*** Opening of Data ***

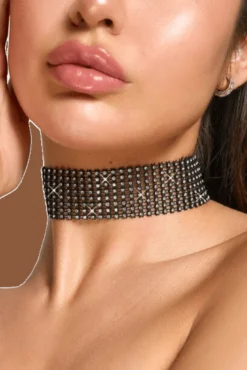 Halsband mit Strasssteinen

*** Close of Data ***
*** Opening of Data ***

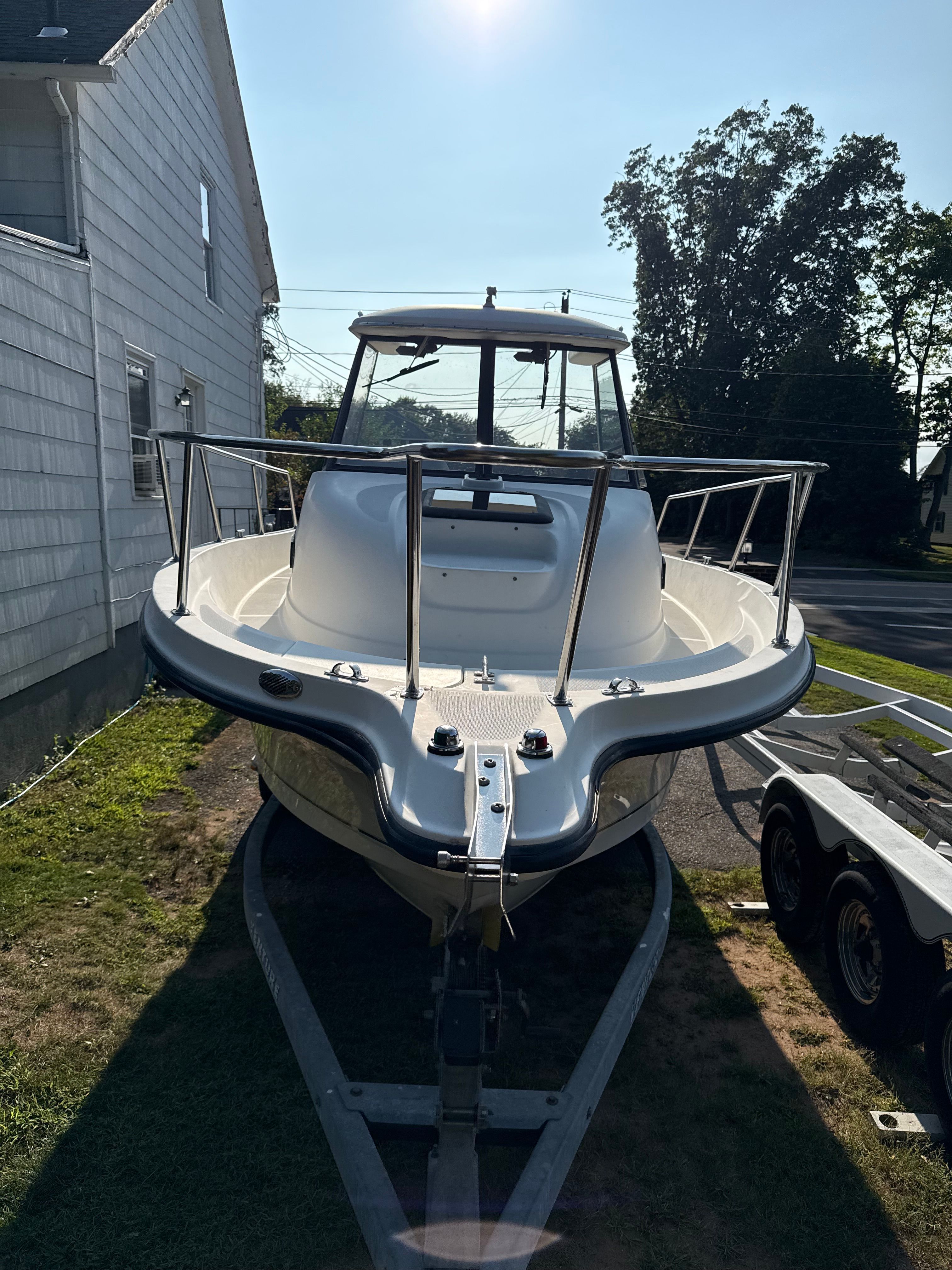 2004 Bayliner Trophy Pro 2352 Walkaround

*** Close of Data ***
*** Opening of Data ***

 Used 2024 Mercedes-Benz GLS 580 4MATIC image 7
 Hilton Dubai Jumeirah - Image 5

*** Close of Data ***

• **Try it**
Return only the lines between the one holding "Used 2024 Mercedes-Benz" and the one holding "Hilton Dubai Jumeirah - Image 5", inclusive, exactly as they appear above.

• **Exercise solution**
 Used 2024 Mercedes-Benz GLS 580 4MATIC image 7
 Hilton Dubai Jumeirah - Image 5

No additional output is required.